Stockwell Primary School, Stockwell Road, Stockwell, London SW9 9TG
Goal Diggers FC
Founder Fleur Cousens set up Goal Diggers FC in 2015 after getting fed up with constantly being told football was a man’s game. The main aim of the club is to remove the barriers that prevent women and non-binary people from being involved in sport – everyone is welcome, with teams based on availability rather than ability. They currently play in six different leagues all over the city and hold weekly training sessions at Haggerston Park. While their membership for 2022 is full, they do have priority spaces available for people of colour, non-binary people, trans women, players over the age of 40 and goal keepers.
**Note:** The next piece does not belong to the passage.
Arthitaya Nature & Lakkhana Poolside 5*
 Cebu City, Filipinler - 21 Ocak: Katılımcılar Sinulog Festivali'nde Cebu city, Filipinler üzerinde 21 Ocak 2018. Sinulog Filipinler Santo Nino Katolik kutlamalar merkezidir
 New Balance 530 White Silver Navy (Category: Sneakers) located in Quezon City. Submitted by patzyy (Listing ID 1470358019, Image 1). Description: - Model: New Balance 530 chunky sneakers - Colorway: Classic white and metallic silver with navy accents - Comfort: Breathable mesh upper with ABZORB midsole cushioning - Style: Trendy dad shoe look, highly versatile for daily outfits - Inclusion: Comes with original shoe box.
Haggerston Park, Yorkton Street, Hackney, London E2 8NH
West Ham Women
This season will mark the fifth straight campaign in the top-flight of women’s football for West Ham Women, who are managed by former Hammers left-back Paul Konchesky. This season they’re kicking off with an exciting London derby against the reigning champions Chelsea, with the match being held at Stamford Bridge on Sunday 11 September. The ground can hold 40,000 people, so they’re hoping for a big turnout inspired by England’s Euros win. When they’re at home you can cheer them on at the Chigwell Construction Stadium in Dagenham.
Chigwell Construction Stadium, Victoria Road, Dagenham, Essex RM10 7XL
This London club, which is affiliated with Barnet FC, has a home ground fittingly named The Hive, which you’ll find in Canons Park. They play in the third tier of the Women’s Football League, against the likes of Oxford United, Plymouth Argyle and Portsmouth, and were originally founded in 1975, when they were known as the District Line Ladies FC. Since rebranding as the London Bees in 2014 they’ve become famous for their distinctive orange and black kit and their cleverly designed crest, which features silhouettes of Big Ben, the Shard and the London Eye.
The Hive, Camrose Avenue, Harrow, London HA8 6AG
Shepherds Booters FC
West London suffered from a distinct lack of grassroots football teams – until Shepherds Booters FC came along and changed all that. The club was founded to address the lack of footballing options in the area, and the team prides itself on offering an inclusive space for local women and non-binary people to play. You’ll find them playing on a variety of different pitches across West and South West London and they hold weekly sessions in Shepherd’s Bush, where they’re keen to welcome new players of all abilities.